# vinegar and gray hair



## RebeccaB (Sep 14, 2006)

Does anyone drink vinegar for alternative health? Have you noticed it effecting gray hair? If so, would this be an indicator of a vitamin or mineral deficiency?


----------



## MelissaW (Jun 18, 2003)

Hi Rebecca! Do you mean effecting it posively or negatively? My husband takes organic ACV daily. Every time he trims his beard, or I cut his hair, he laments all of the gray's, so I can't say it's keeping his from graying! My own hair started turning gray at 18, and I'm pretty sure it is genetic in my case. I'm no expert, but I know that B vitamins and lechithin are good for hair.


----------



## culpeper (Nov 1, 2002)

It might be more effective if you made a sage or rosemary vinegar, and used it externally as a hair rinse. You need to rinse the hair over a bowl, and re-use the vinegar several times, and you need to do it several times a week for several weeks before it makes a difference. An infusion with water works just as well.


----------



## Trixie (Aug 25, 2006)

I'm not getting it here - what is the effect?


----------



## RebeccaB (Sep 14, 2006)

Sorry I wasn't more specific when I posted the question. I just wanted to see what others have experienced possitive or negative. I have "heard" that drinking 2 T vinegar twice a day (making sure to brush teeth with baking soda so your teeth don't get destroyed) will help hair to start producing it's natural color again. The reason I said "heard" is because I have never heard from anyone first hand about it. 

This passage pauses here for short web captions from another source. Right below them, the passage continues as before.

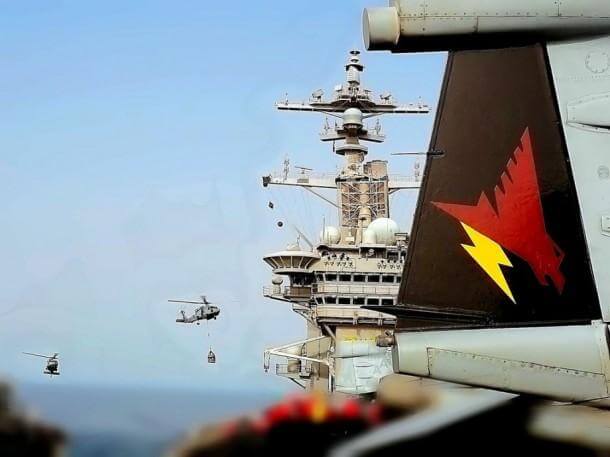 海军9号航空母舰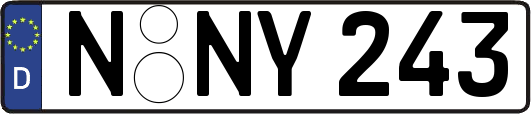 N-NY243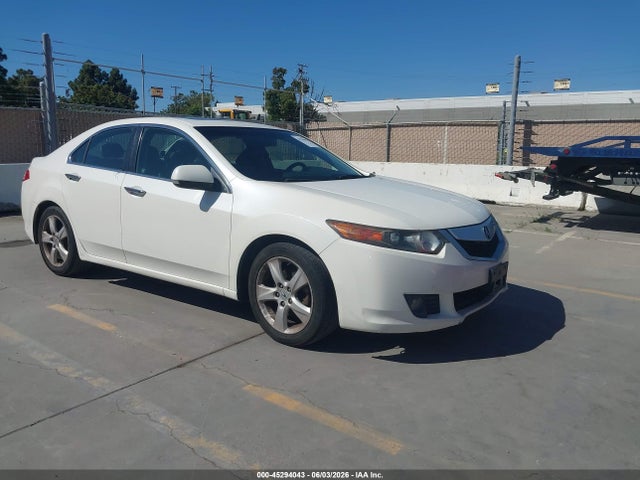 2009 Acura Tsx მანქანა იყიდება აუქციონზე, vin: JH4CU26629C031723, აუქციონის ნომერი: 45294043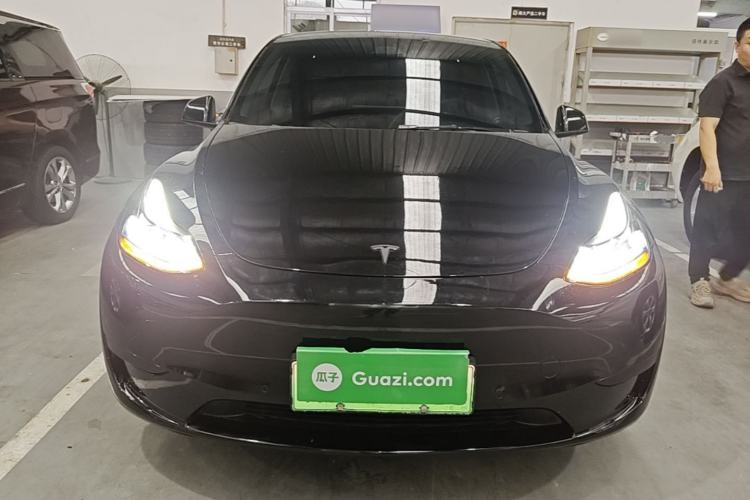 Used Tesla Model Y 2022 Revised Version Rear-Wheel Drive Front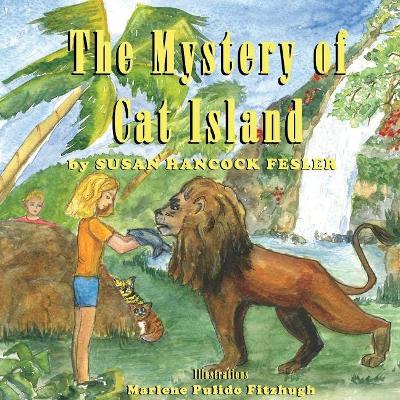 The Mystery of Cat Island book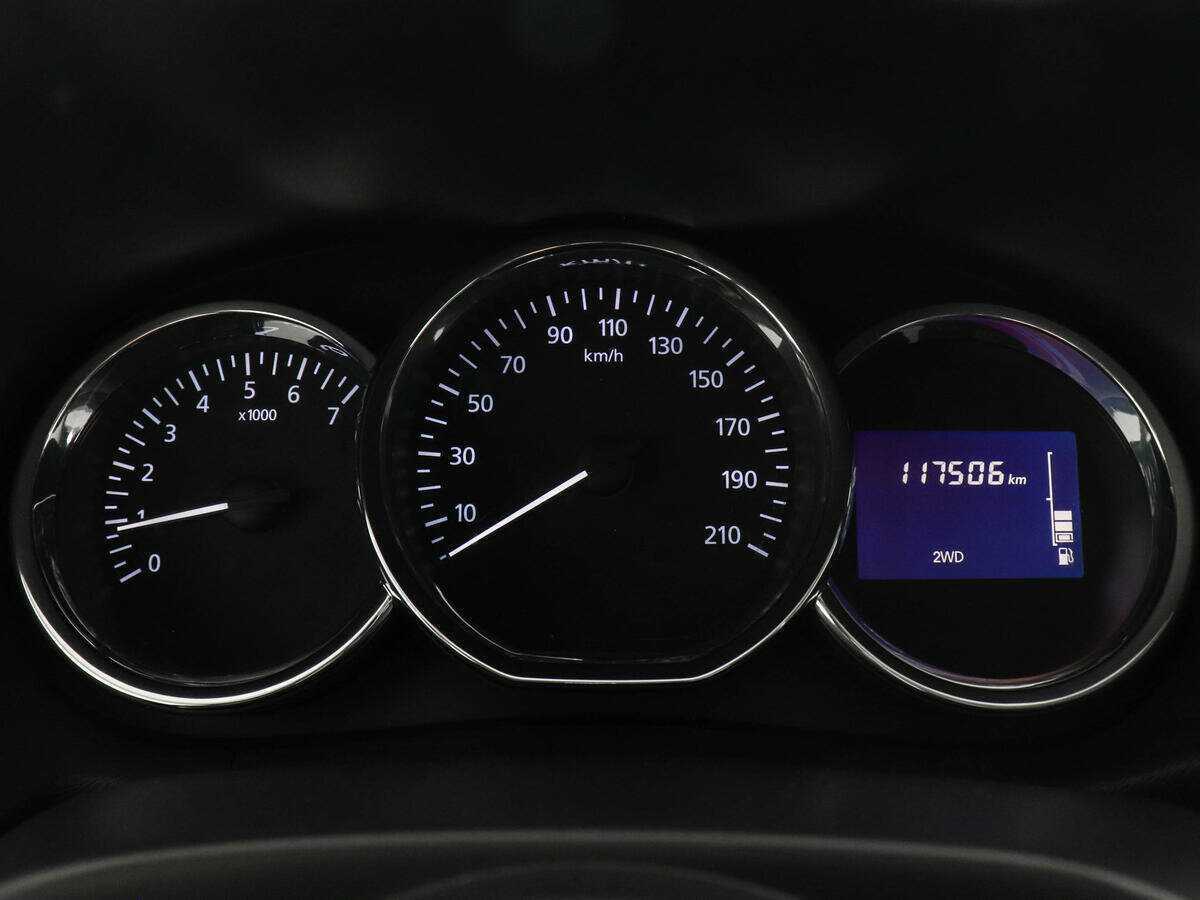 Купить Ниссан Террано, 2018, 117 500 км.. Фото: #10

I have noticed some grays since I have been pregnant and nursing the last 3 1/2 years. Could be a vitamin deficiency (B12) or age (they started at 25-26). I'm hoping for a vitamin deficiency.


----------



## floramum (Jul 20, 2005)

Former Mil Starting Taking One Teaspoon Of Acv A Day Along With A Teaspoon Of Honey In Her Mid-sixty's. She Lived To Just Before Her 102 Birthday And Her Hair Was Still Brown With Grey And Silver Threads In It.


----------



## Trixie (Aug 25, 2006)

Since I'm mid-sixty's and already gray - can I hope for a miracle?

I am asking if her hair was gray before - or more gray?


----------



## Junkmanme (Dec 16, 2006)

Would it do my ole beard any good? Blonde scalp-hair darkened to brown, now graying....beard went from red to gray/white. mustache is starting to go from red to white. And I'll only be 60 on my next Birthday!!!! 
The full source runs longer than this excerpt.